The fact that Professor X died of spinal meningitis made headlines in New York. The Professor X case underscored the music industry's dirty little secret: Despite the billions of dollars the industry generates annually, most musicians do not have health insurance.
Weeks after these deaths, the hip-hop community was shocked to hear about the shooting death of Eminem's best friend, Proof, leader of the group D-12. The charismatic Proof (who played the man who gave Eminem his start in the movie ``8 Mile'') had announced that he was working with other artists on a tribute album for Detroit's J-Dilla. Sadly, people are now doing a tribute album for Proof.
Over the past two weeks, California has lost three hip-hop legends, two of them on the same day. One was DJ Dusk, who spun frequently at Bay Area functions. Dusk was also a political activist in the area of education. He died two weeks ago, when he was hit by a drunken driver in Southern California as he walked a girlfriend to her car. According to witnesses, Dusk pushed the woman out of the way but was struck himself and dragged 80 yards. His selfless act speaks volumes about the kind of man he was.
His death was widely mourned in tributes around the country. He was so well loved that hip-hop pioneers Afrika Bambaataa, Kool Herc and Jazzy Jay made rare joint appearances in New York, Los Angeles and the Bay Area, where Dusk had his biggest followings. They visited San Francisco last weekend to do a tribute and raise money for Dusk's family.
On the day that DJ Dusk was killed, Michael ``Mixin' '' Moore, a pioneer in hip-hop radio in L.A., died at age 46 from heart failure. Best known for his Militant Mix, fusing speeches and news clips over popular instrumentals, he also is credited with inventing the 5 o'clock Traffic Jam, a mainstay on commercial radio around the country.
While the hip-hop icons were paying tribute to DJ Dusk last weekend, rap legend Skeeter Rabbit of the pioneering dance group the Electric Boogaloos died. He was an innovator in ``strutting'' and ``popping'' and was no stranger to the Bay Area, where he participated in numerous competitions.
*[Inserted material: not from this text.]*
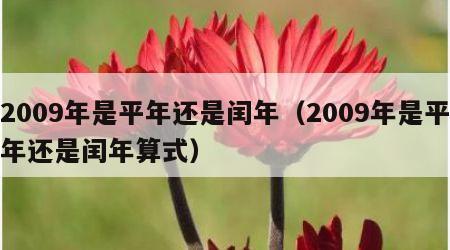 2009年是平年还是闰年（2009年是平年还是闰年算式）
On Saturday may 20th there will be two seperate tributes and funerals for Skeeter Rabbit and Michael Mixxing Moore
With all the deaths, many in the hip-hop community have taken time to reflect. Since no one is promised tomorrow, we must learn to appreciate what we have today. Digital Underground's ``Heartbeat Props,'' which encourages us to honor the living, rings especially true these days.